According to the minister of energy, the LTEP balances five principles that will guide future decisions: cost-effectiveness, reliability, clean energy, community engagement, and an emphasis on conservation and demand management (CDM) before building new generation.
Compared to the previous plan, the LTEP is expected to reduce projected cost increases by $16 billion in the near term (2013-2017), and $70 billion to 2030.
The LTEP claims that Ontario will achieve balance in the energy sector by:
• Decreasing the need for new supply by implementing conservation programs and standards to offset most growth in electricity demand over the next 20 years.

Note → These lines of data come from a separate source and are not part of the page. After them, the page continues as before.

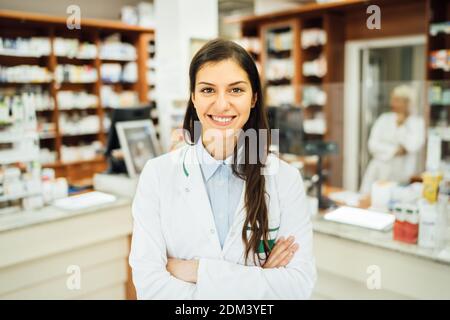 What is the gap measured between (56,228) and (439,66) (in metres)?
4.27

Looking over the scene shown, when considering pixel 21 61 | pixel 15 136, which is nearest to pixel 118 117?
pixel 15 136

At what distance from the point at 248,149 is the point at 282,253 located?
1.16ft

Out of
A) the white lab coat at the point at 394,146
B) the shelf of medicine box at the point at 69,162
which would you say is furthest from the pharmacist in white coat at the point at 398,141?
the shelf of medicine box at the point at 69,162

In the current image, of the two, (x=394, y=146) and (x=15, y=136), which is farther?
(x=394, y=146)

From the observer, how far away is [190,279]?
4.40 ft

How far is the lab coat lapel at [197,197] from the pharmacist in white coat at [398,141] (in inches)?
127

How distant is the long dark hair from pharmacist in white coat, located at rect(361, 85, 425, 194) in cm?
311

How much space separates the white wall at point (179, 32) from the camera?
17.5ft

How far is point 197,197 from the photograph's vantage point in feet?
4.52

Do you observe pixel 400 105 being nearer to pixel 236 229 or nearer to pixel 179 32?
pixel 179 32

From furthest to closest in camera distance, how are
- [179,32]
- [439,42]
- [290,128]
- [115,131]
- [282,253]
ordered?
[179,32] → [439,42] → [115,131] → [290,128] → [282,253]

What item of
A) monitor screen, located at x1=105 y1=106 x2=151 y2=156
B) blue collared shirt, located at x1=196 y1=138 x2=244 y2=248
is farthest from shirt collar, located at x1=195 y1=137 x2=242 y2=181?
monitor screen, located at x1=105 y1=106 x2=151 y2=156

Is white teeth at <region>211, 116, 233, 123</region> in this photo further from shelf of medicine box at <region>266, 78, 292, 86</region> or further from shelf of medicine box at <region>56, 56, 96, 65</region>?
shelf of medicine box at <region>56, 56, 96, 65</region> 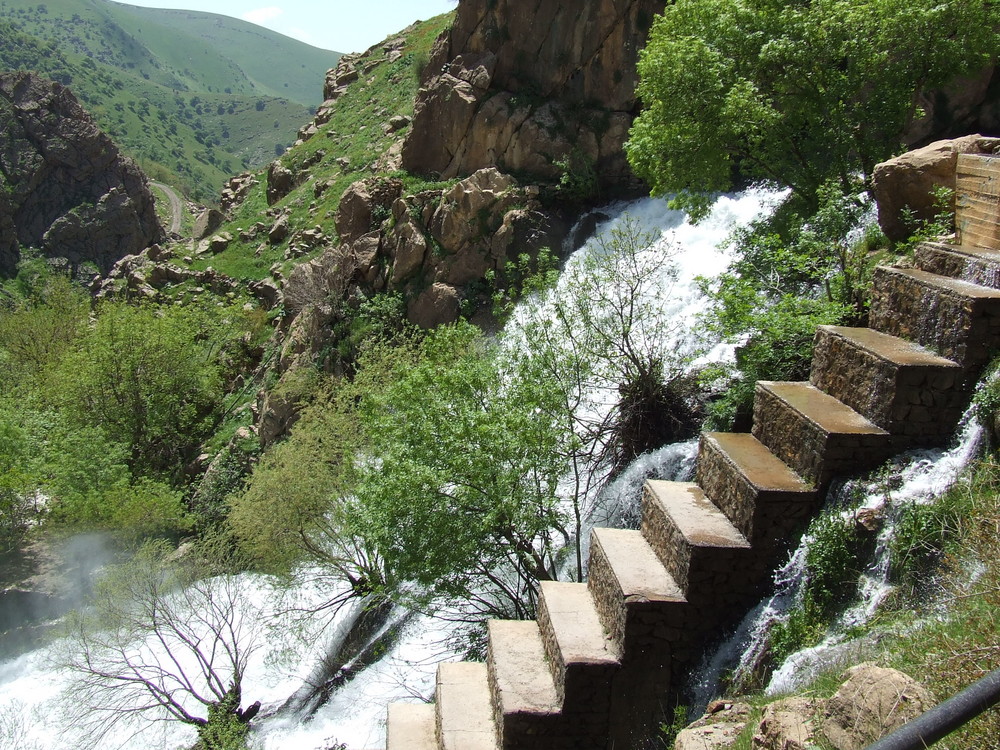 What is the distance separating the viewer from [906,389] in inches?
227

• Lowering costs for consumers. Compared to LTEP 2010, residential customers can expect to pay about $520 less over the next five years and $3,800 less to 2030, and industrial consumers can expect to pay $3 million less over the next five years and $11 million less to 2030.

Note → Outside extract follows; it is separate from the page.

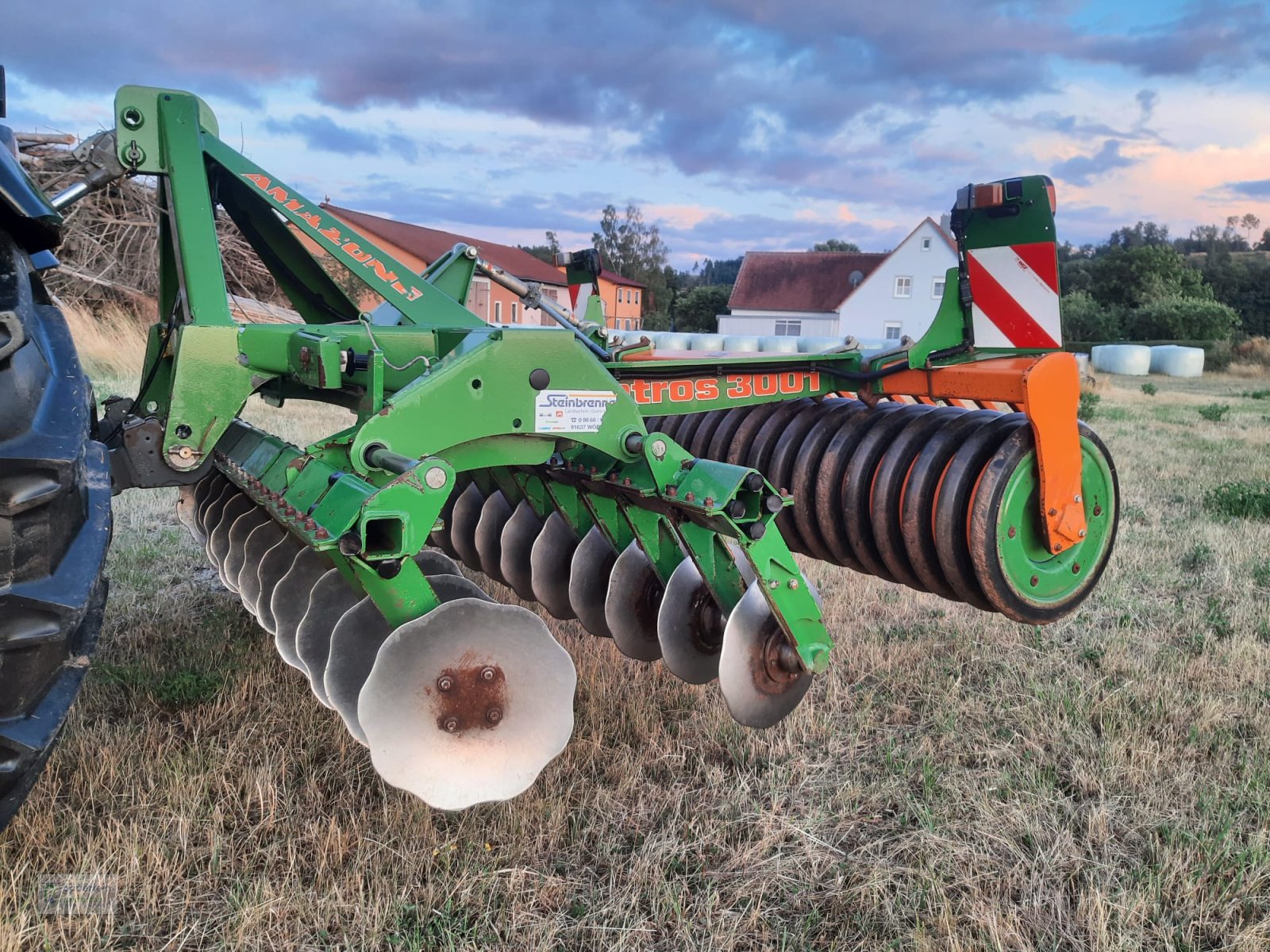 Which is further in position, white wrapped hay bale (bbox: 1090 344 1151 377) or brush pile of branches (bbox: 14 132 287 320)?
white wrapped hay bale (bbox: 1090 344 1151 377)

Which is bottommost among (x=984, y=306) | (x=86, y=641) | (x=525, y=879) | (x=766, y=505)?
(x=525, y=879)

• Expanding demand response programs to help achieve a 10 percent reduction in peak demand by 2025.
• Making new financing tools available to consumers starting in 2015, including programs to incent energy efficient retrofits to residential properties.

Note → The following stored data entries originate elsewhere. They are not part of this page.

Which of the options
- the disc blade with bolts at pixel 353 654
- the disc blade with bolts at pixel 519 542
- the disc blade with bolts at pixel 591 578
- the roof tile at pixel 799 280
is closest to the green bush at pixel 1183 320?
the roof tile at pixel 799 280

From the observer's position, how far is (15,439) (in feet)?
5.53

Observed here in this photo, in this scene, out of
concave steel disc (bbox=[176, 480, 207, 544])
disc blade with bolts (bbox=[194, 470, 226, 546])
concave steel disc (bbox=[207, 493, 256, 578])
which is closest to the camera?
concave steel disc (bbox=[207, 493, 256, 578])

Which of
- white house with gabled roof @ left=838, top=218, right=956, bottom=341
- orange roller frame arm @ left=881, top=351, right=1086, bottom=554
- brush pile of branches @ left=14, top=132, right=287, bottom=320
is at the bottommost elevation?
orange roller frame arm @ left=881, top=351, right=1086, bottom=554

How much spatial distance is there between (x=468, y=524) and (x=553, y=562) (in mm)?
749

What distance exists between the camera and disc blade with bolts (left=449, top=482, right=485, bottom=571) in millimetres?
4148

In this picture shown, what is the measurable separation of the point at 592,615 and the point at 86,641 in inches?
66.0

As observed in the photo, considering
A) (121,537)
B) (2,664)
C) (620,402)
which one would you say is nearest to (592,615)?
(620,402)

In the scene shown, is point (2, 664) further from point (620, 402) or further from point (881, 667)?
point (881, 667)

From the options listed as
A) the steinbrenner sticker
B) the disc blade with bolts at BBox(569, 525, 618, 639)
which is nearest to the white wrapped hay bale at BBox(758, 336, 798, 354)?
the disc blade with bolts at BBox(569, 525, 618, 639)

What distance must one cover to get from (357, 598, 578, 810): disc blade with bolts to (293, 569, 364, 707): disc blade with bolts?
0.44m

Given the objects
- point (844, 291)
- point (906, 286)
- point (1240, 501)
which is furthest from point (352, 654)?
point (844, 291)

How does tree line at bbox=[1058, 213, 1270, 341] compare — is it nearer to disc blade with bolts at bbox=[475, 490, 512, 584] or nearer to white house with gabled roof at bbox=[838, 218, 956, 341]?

• Moving ahead with nuclear refurbishment at both Darlington and Bruce Generating Stations, beginning in 2016.
• Extending the phasing-in of wind, solar, and bioenergy for three more years than estimated in the 2010 LTEP, with 10,700 megawatts (MW) online by 2021. By 2025 about half of Ontario’s installed generating capacity will come from renewable sources.
• Developing a new competitive procurement process with the Ontario Power Authority (OPA) for future renewable projects larger than 500 kilowatts (kW).
• Issuing an annual Ontario Energy Report to update on changing supply and demand conditions, and to outline the progress to date on the LTEP.